O Banco Central decidiu que não vai recorrer da decisão da Justiça de negar o pedido de ação penal contra o economista e colunista da Folha Alexandre Schwartsman.
A procuradoria-geral da instituição ofereceu queixa-crime contra Schwartsman, acusando-o de difamação. O pedido foi negado pela juíza que analisou o caso.
O que motivou a ação foram afirmações de Schwartsman em entrevistas à imprensa, como a de que o BC atuou com “subserviência, descuido, incompetência e frouxidão”. Na ocasião, o economista havia criticado a condução da política monetária no combate à inflação.
O BC informou que acata a decisão e dá como concluída sua atuação nesse caso.
A polêmica sobre a iniciativa do governo, entretanto, não está encerrada. Até o fechamento desta edição, 1.600 pessoas haviam assinado documento que critica a ação do BC contra Schwartsman. A lista inclui mais de 60 economistas de várias escolas e simpatias partidárias.
O documento foi lançado pelo diretor vice-presidente do Insper, Marcos Lisboa.
Entre as assinaturas, estão as de Nelson Barbosa, ex-secretário-executivo do Ministério da Fazenda no governo Dilma Rousseff, e do economista Luiz Gonzaga Belluzzo – ambos próximos da administração petista.
“Eu discordo de muitas coisas do Schwartsman, mas acho que o debate com ele tem de ser travado na economia, e não na Justiça”, afirmou Barbosa.
Também assinaram a lista ex-presidentes do BC, como Affonso Celso Pastore, Gustavo Franco e Armínio Fraga, e de ex-diretores da instituição, como Claudio Haddad. Há economistas ligados às candidaturas de Aécio Neves e de Marina Silva.
O BC informou que a decisão de ir à Justiça foi submetida pela procuradoria à diretoria da instituição, formada pelo presidente Alexandre Tombini e pelos outros sete membros do Copom (Comitê de Política Monetária).
“Acho nocivo à democracia que instituições, principalmente as públicas, façam uso de seus vastos recursos para constranger críticas às suas ações, mesmo as mais ácidas”, afirmou o professor da PUC-RJ Márcio Garcia.
Para o Sindicato Nacional dos Funcionários do BC, a decisão foi prejudicial à imagem da instituição, além de levantar dúvidas sobre a participação de outras áreas do governo nesse caso.
No abaixo-assinado, os signatários dizem que já foram feitas críticas muito piores e às vezes inverídicas à instituição, como a de que o BC seria manipulado pelos bancos, sem qualquer retaliação.

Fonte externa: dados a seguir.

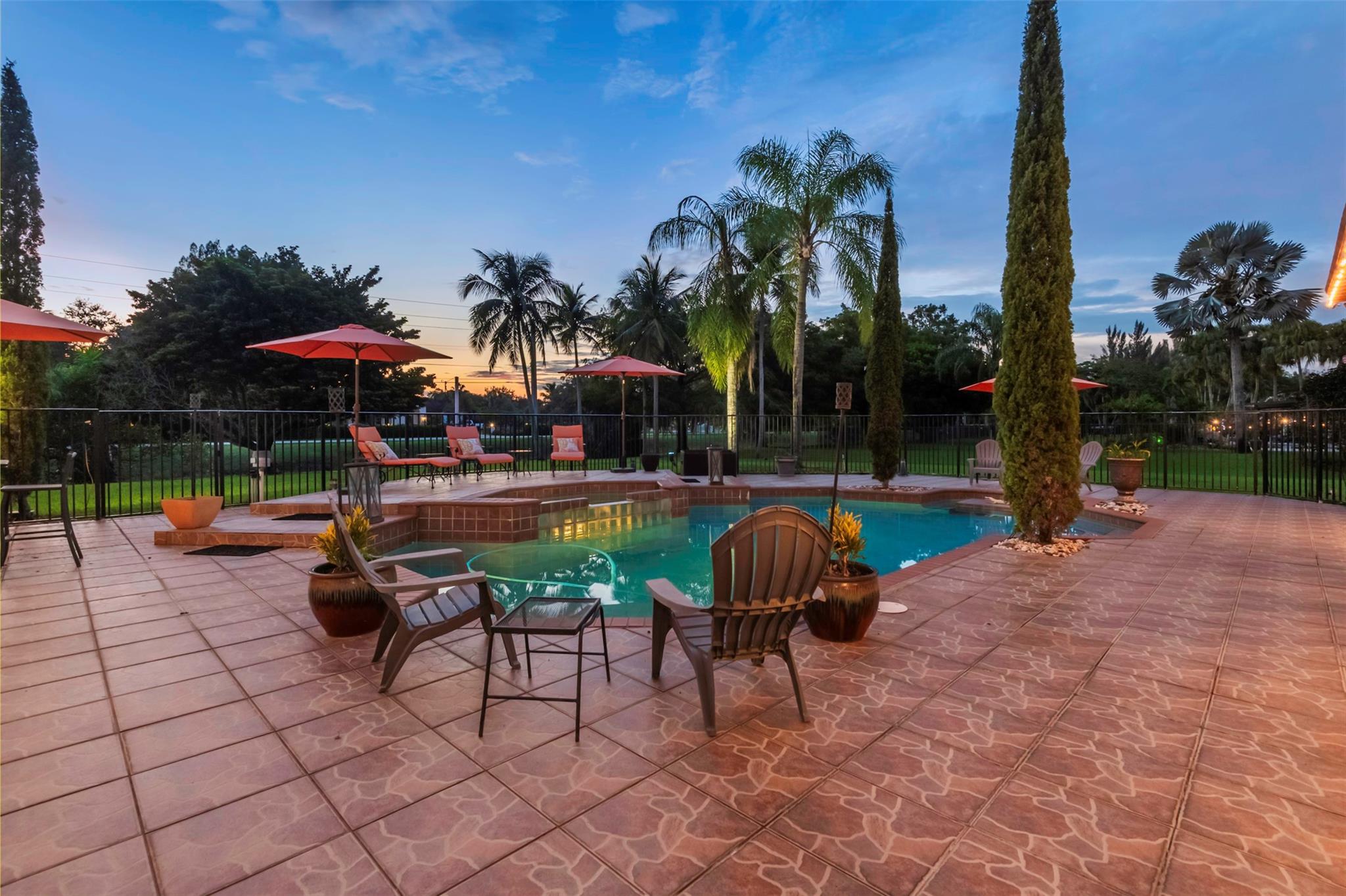 Davie Whispering Pines - Residential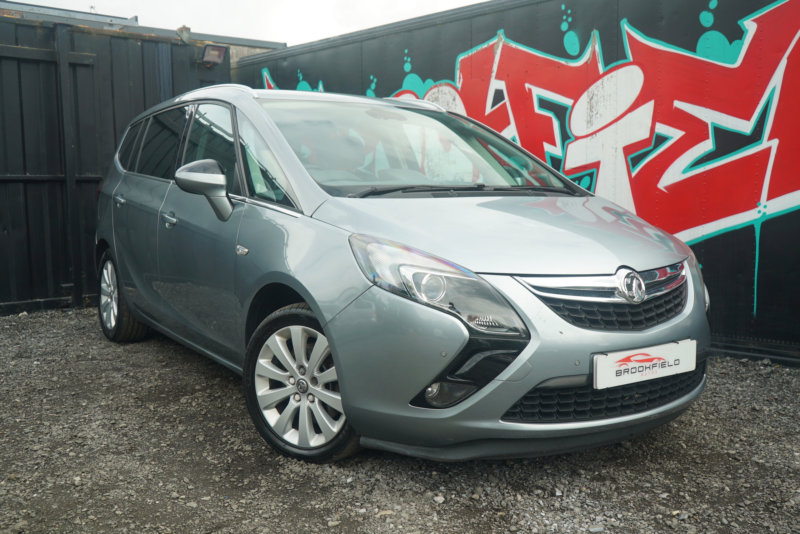2013 Vauxhall Zafira Tourer 2.0 Cdti Se MPV 5dr Diesel Auto Euro 5 (165 Ps) in Silver — image 1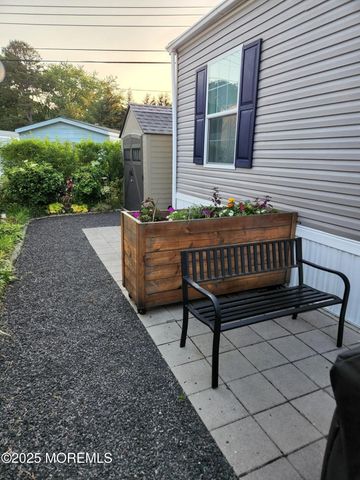 9 Shorehaven Road, Hazlet, NJ 07730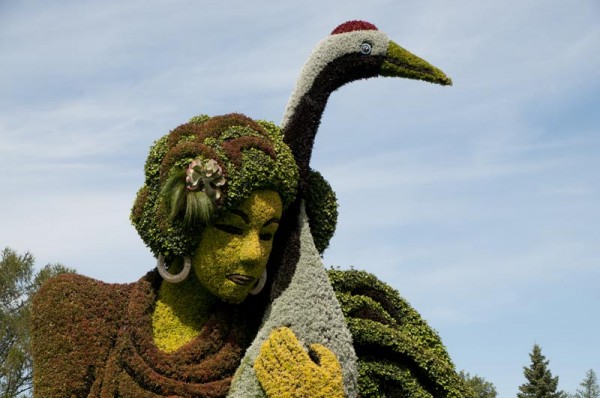 Выставка "зеленых" скульптур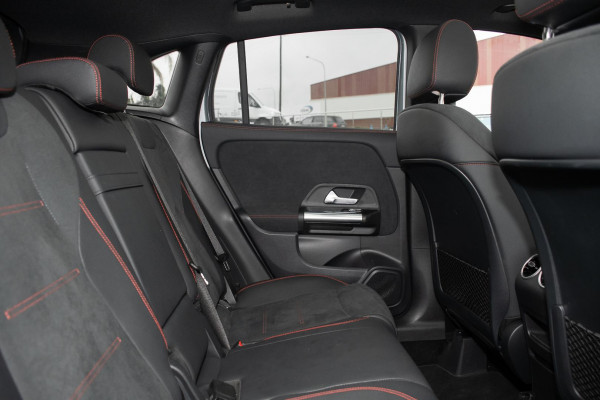 2025 Mercedes-Benz GLA-Class H247 GLA200 SUV image 9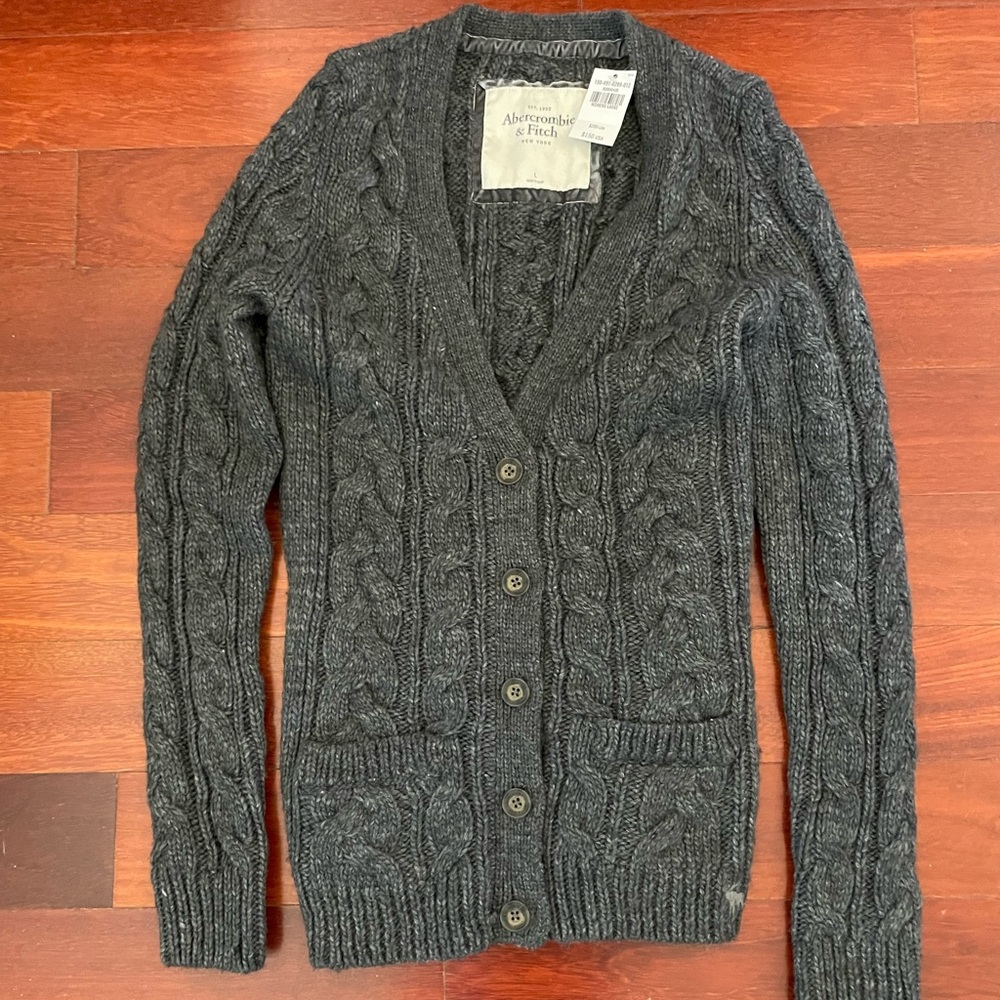 BRAND NEW A&F sweater cardigan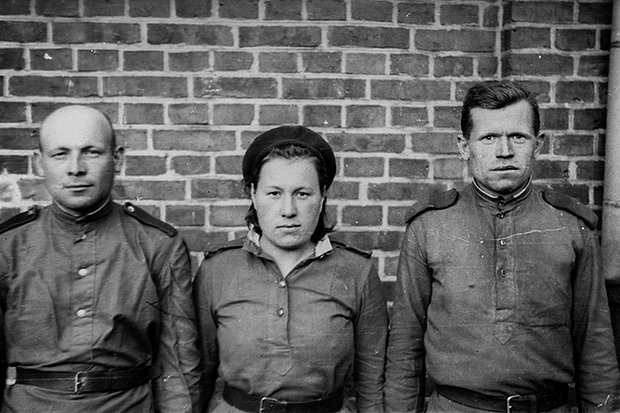 «Господин Сталин победил, я иду домой» Конец войны глазами красноармейца с трофейной немецкой камерой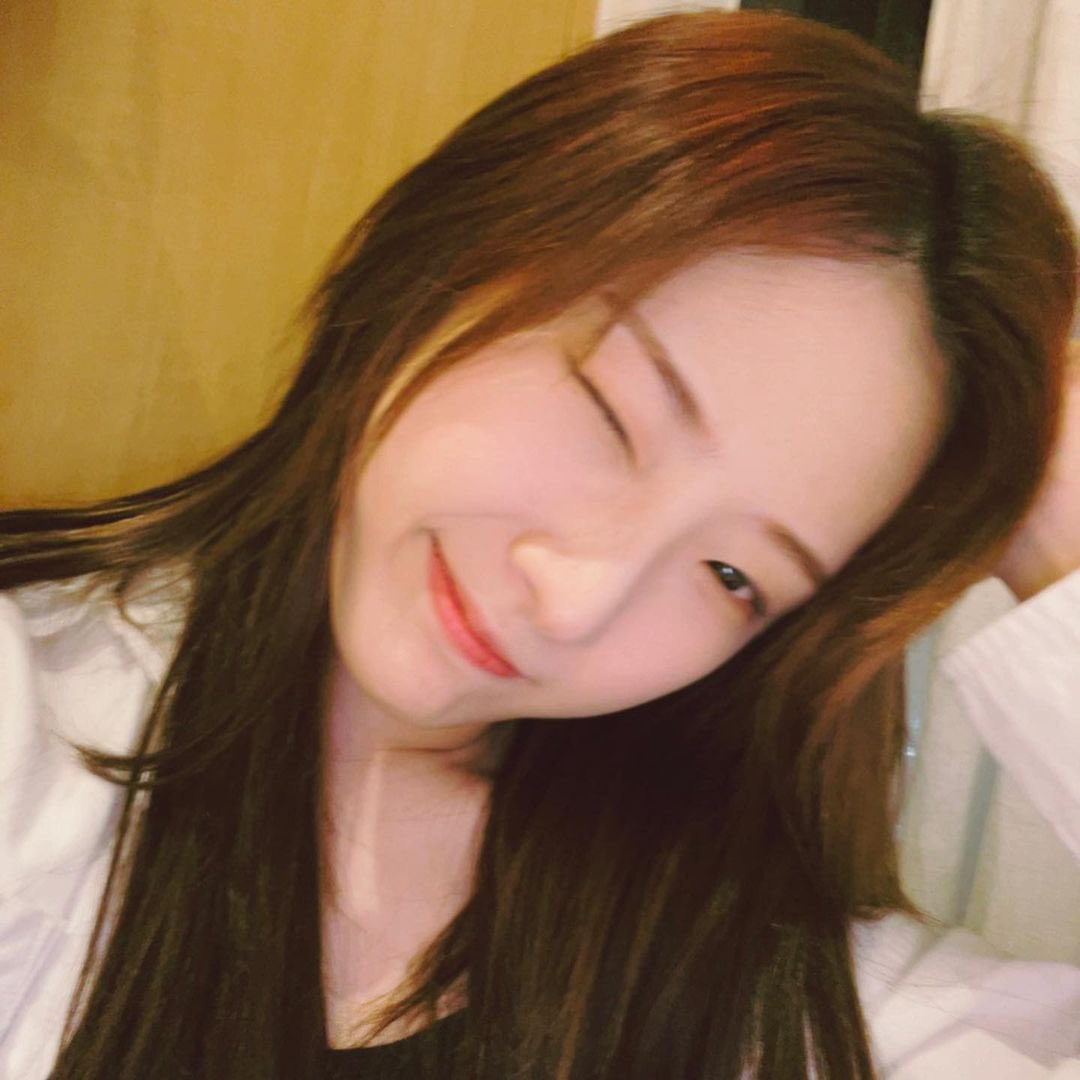 달의 세번째 여신, 하슬이. ༉‧₊˚. tweet media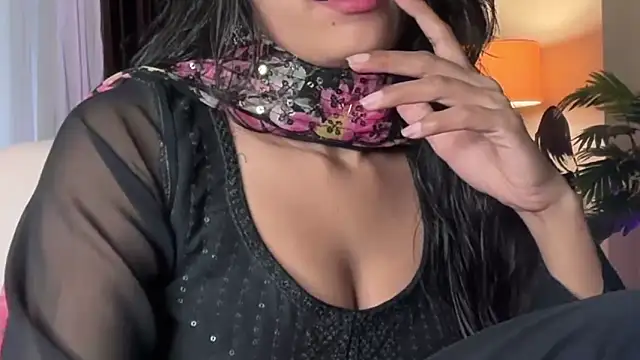 Wow-nisha's cam snapshot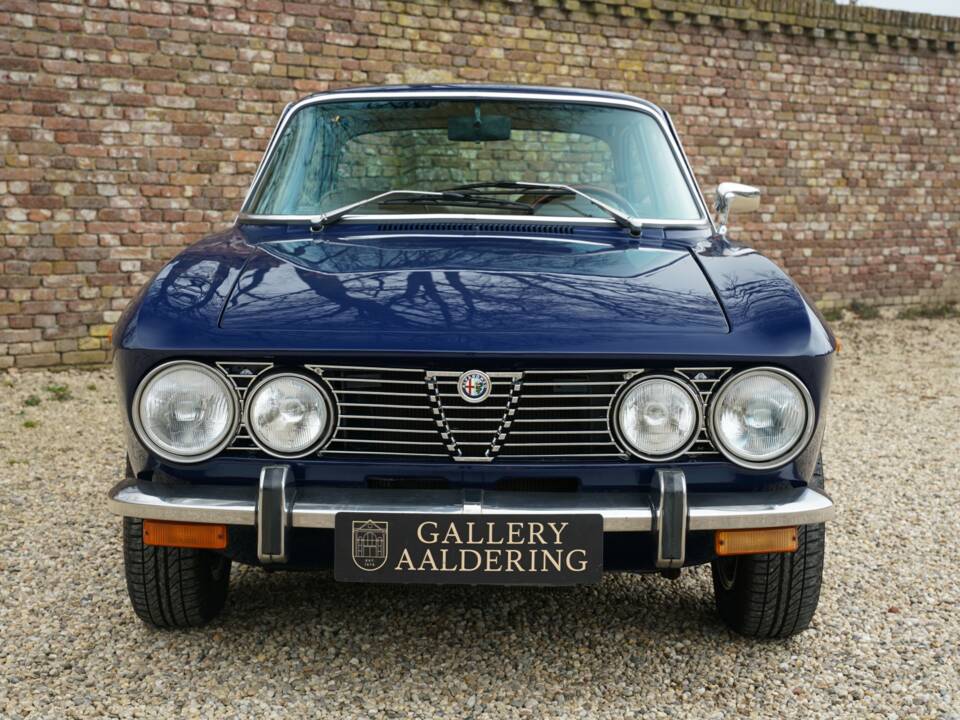 Immagine 5/50 di Alfa Romeo 2000 GTV (1974)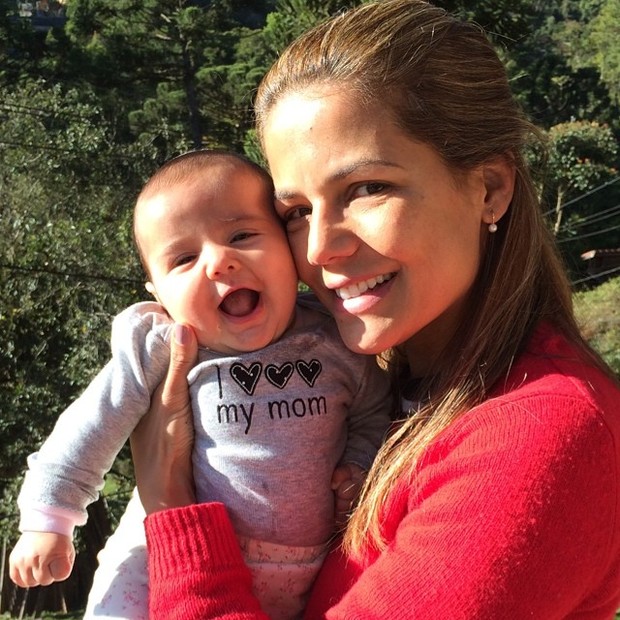 Nvea Stelmann posta foto com filha caula:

Opinião: Tese do procurador do BC contra colunista era polêmica
O Banco Central voltou atrás. Não entrou com recurso contra a decisão que rejeitou a queixa-crime em que acusava Alexandre Schwartsman de difamação. O assunto está encerrado. Estará?
A tese do procurador era no mínimo polêmica. Acreditava que a pessoa jurídica pode ser difamada, como se fosse pessoa física. O Código Penal pune a difamação no título de crimes contra a pessoa. No mesmo título em que estão os homicídios. Ora, assim como não se pode assassinar uma pessoa jurídica, não se poderia difamá-la.
Se a argumentação do procurador valesse, em princípio, para o Banco Central, valeria também para o Congresso, ou para a Presidência da República. Todos teriam uma honra objetiva a ser protegida contra críticas.
Ou seja, saímos diretamente do difícil ambiente de democracia que estamos construindo para o latente ambiente de autoritarismo que sempre quer voltar.
O Banco Central com certeza avaliou as consequências dessa argumentação e da ação judicial.
Ela estimula a judicialização da política monetária e cambial. Convida o juiz e o Judiciário a avaliarem se as decisões do BC foram temerárias ou não, por exemplo. Se foi responsável por aumentar ou não a inflação; se foi temerariamente omisso.
O Judiciário como regulador é um risco imenso. Cria sem querer um concorrente ao próprio Banco Central. Como aliás temos visto em vários outros setores regulados da economia.
Segundo, política monetária e cambial, políticas econômicas em geral, são concretização de teorias, conceitos e ideais. Como o próprio nome indica não se trata de concretizar verdades científicas, mas políticas.
O que temos assistido no mundo inteiro é que não existem teorias e verdades econômicas unívocas. A crítica, o debate, o contraditório são inerente não apenas à democracia, como também às ideias, às políticas e às estratégias.
A intimidação judicializante abre espaço para a teoria do economista ocasionalmente de plantão no BC. Com ou sem mandato fixo.
Joaquim Falcão é professor de direito constitucional da FGV Direito Rio.
Fonte: Folha de S. Paulo – 10/09/2014.